Karel Freja

Personal information
- Date of birth: 17 November 1877
- Place of birth: Old Town (Prague), Bohemia, Austria-Hungary
- Date of death: 30 April 1937 (aged 59)
- Place of death: New Town (Prague), Czechoslovakia
- Height: 1.65 m (5 ft 5 in)
- Position: Forward

Senior career*
- Years: Team / Apps / (Gls)
- 1896–1900: Slavia Prague / 17 / (12)
- 1900–1901: ČAFC Vinohrady

= Karel Freja =

Czech footballer (1877–1937)

Karel Freja (17 November 1877 – 30 April 1937) was a Czech footballer who played as a forward.

== Early life ==
Karel Freja was born on 17 November 1877 in the Old Town of Prague. He spent the period between 1888 and 1899 studying at the grammar school. He attended the Municipal High School, which was located in a beautiful building in today's Hellichová (then Novodvorská) Street in Malá Strana.

Even as a high school student, Karel Freja took part in progressive events. Being active in the progressive movement caused Freja serious problems at school. National newspapers later wrote about him after the First World War: "he was already at the gymnasium on four with a disciplinary order for activity in the progressive movement."

Football became very popular among high school students. It was played by students of both the Malostran grammar school and the real school. The groups used the names of schools or regions, and thus the Malostransky student football club was created. Under the leadership of Freja, the Malostransky circle played a number of matches. On 28 September 1895, he even beat Sparta on its then-ground in Invalidovna.

== Club career ==
In the spring of 1896 the entire Malostranský circle joined the SK Slavia Prague football team, as well as students from the real gymnasium in Křemencova Street.

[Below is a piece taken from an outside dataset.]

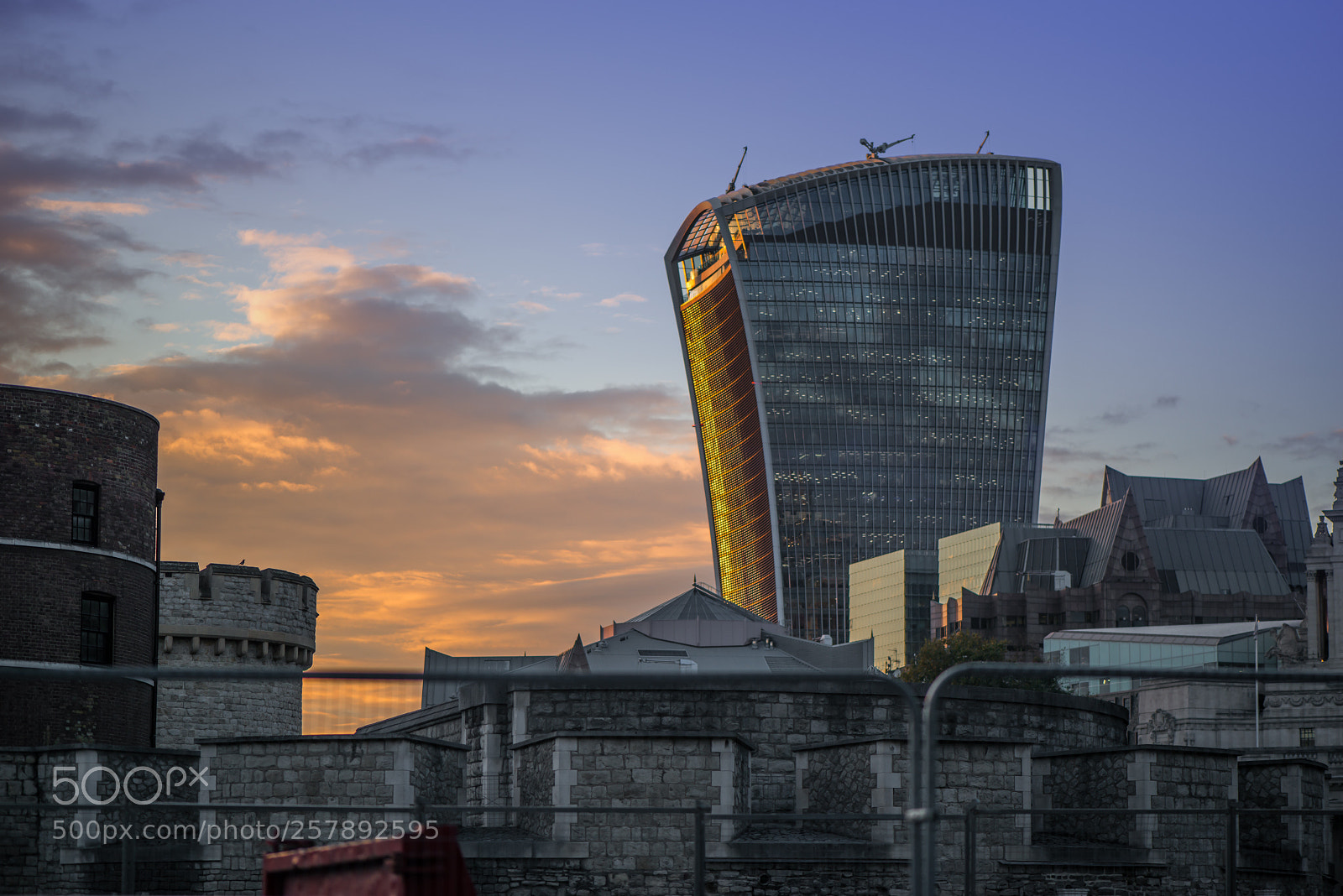 Nikon D800 sample photo. Walkie talkie tower, london photography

Freja became Slavia's first captain and also its first centre forward. He most likely already played in the premiere match, the line-up of which has not been preserved. Freja was the first great figure of Czech football. Freja once again introduced iron discipline as team captain. Freja played 17 games and scored 12 goals for Slavia Prague. Freja was Slavia Prague's best player until 1900, then he moved to ČAFC Vinohrady.

==Later career ==
He graduated as a doctor on 24 January 1911. He then went to Mladá Boleslav, where he worked as a doctor in the district hospital and also acted as a football referee. During the Balkan war against Turkey from 1912 to 1913, Freja was a volunteer member of the Czech Medical Auxiliary Corps on the Montenegrin battlefield. Immediately after the announcement of mobilisation in July 1914, Freja went to the Galician fortress town of Přemyšl. This was followed by captivity, service in the Kiev evacuation hospital, work as a surgeon in the field hospital of the Serbian volunteer corps and other places of work. He travelled from the Thessaloniki front to Cognac, France at the end of the war, when he was assigned to the 23rd Czechoslovak Rifle Regiment as its chief physician. He returned to his homeland with the regimental headquarters on 14 January 1919.

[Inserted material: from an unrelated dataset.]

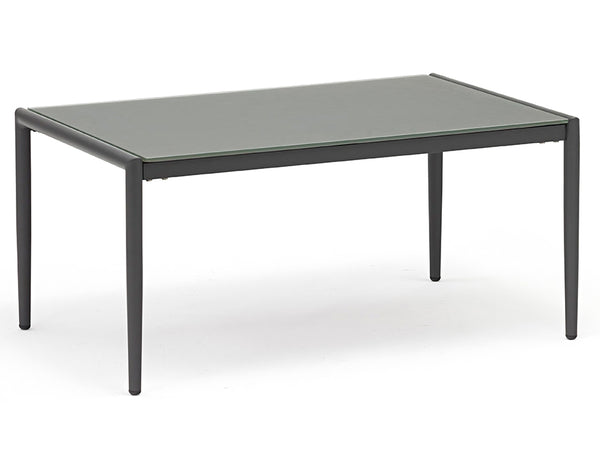 Polo Anthracite Coffee Table, 36"W x 22"D x 16.5"H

After the dissolution of the legions, he joined the Czechoslovak army, on 13 November 1930, he was promoted to colonel of the health service. For his participation in military conflicts, he received many orders, military crosses, decorations and medals. He was evaluated almost exclusively positively by his commanders. He is said to have been direct, open and manly in character, a highly intelligent and conscientious officer who had a good influence over his subordinates and maintained discipline. He is also characterised as a diligent doctor with a good education in the field of dental and surgical diseases.

==Later life==
On 1 January 1935, Freja transferred to retirement. He died after a long and serious illness at the age of 59 in the general hospital in Prague from cirrhosis of the liver on 30 April 1937. His remains have been located in the scattered meadow at the Malvazinky Cemetery in Smíchov since the first half of the 1980s.